Hong Kong steps up security as Beijing’s man comes to call

Zhang Dejiang’s visit is first by a Chinese official since pro-democracy protests in 2014

Pro-democracy activists carry pictures of the visiting chairman of the standing committee of China’s National People’s Congress, Zhang Dejiang, along with detained Chinese Nobel Peace laureate Liu Xiaob and his wife Liu Xia, in Hong Kong on Wednesday. Photograph: Lam Yik Fei/Getty Images

Pro-democracy activists carry pictures of the visiting chairman of the standing committee of China’s National People’s Congress, Zhang Dejiang, along with detained Chinese Nobel Peace laureate Liu Xiaob and his wife Liu Xia, in Hong Kong on Wednesday. Photograph: Lam Yik Fei/Getty Images

 

A giant banner calling for Hong Kong democracy was pulled from a mountainside, a photographer’s towel in contentious pro-democracy yellow was confiscated and paving stones were glued down tight as Beijing’s point man on Hong Kong, Zhang Dejiang, visited the territory.

The three-day visit is the first to the territory since the Occupy pro-democracy protests of 2014, and Mr Zhang, who is head of the Hong Kong and Macau affairs office as well as chairman of the National People’s Congress standing committee, has struck a conciliatory tone.

“I will listen to the chief executive and the government of the Special Administrative Region about their work, and to all sectors of society about what suggestions and requirements they have about implementing the principles of ‘one country, two systems’ in Hong Kong,” he told reporters at Hong Kong airport.

He will meet with more moderate pro-democracy legislators during his visit as Beijing tries to cool the powder keg that is Hong Kong and avoid alienating those in the centre by too much intransigence.

Hong Kong is guaranteed a high degree of autonomy, including a limited form of democracy, under the Basic Law introduced when Hong Kong reverted to Chinese rule in 1997.

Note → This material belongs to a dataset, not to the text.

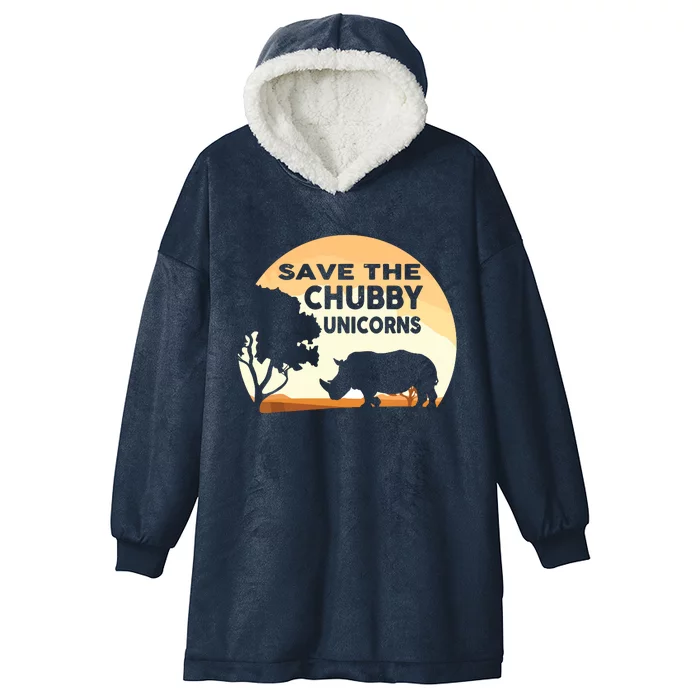 Save The Chubby Unicorns Fat Rhino Funny Hooded Wearable Blanket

However, recent events such as the detention by Chinese police of Hong Kong booksellers critical of China, and demonstrations by radical “localist” groups, combined with the ongoing political uncertainty since the pro-democracy protests of 2014, have seen Beijing tighten the screws on the freewheeling financial hub.

One of Mr Zhang’s first remarks on arrival has been to express support for Leung Chun-ying, the territory’s pro-Beijing chief executive who has been the target of so much of the anger of protesters in Hong Kong, but has weathered all storms so far.

He said Beijing was “satisfied with the work of the chief executive and of the SAR government” and said Mr Leung had received the “full endorsement” of President Xi Jinping and Premier Li Keqiang during his annual duty visit to the capital in December.

Security crackdown

Despite the elaborate security measures, 50 members of the League of Social Democrats broke through a police cordon near Government House, and were quickly surrounded by more than 100 police, the South China Morning Post reported.

Security has been intense. As well as gluing down the paving slabs to stop protesters ripping them up to use as projectiles, a banner reading “I want universal suffrage” was taken down from Beacon Hill and journalists covering the visit have had their umbrellas confiscated – umbrellas were the symbol of the pro-democracy movement in 2014.

Earlier this week, a man from Hong Kong was arrested across the border in Shenzhen for trying to buy a drone which officials said was going to be used to interfere with the visit.

Since the collapse of the Umbrella or Occupy protests of 2014, the pro-democracy movement has fallen into a number of factions, but a smaller group of activists are seeking independence from China, something Beijing has said it will never tolerate and which many in Hong Kong believe would threaten the territory’s economic future, which is entwined with China’s.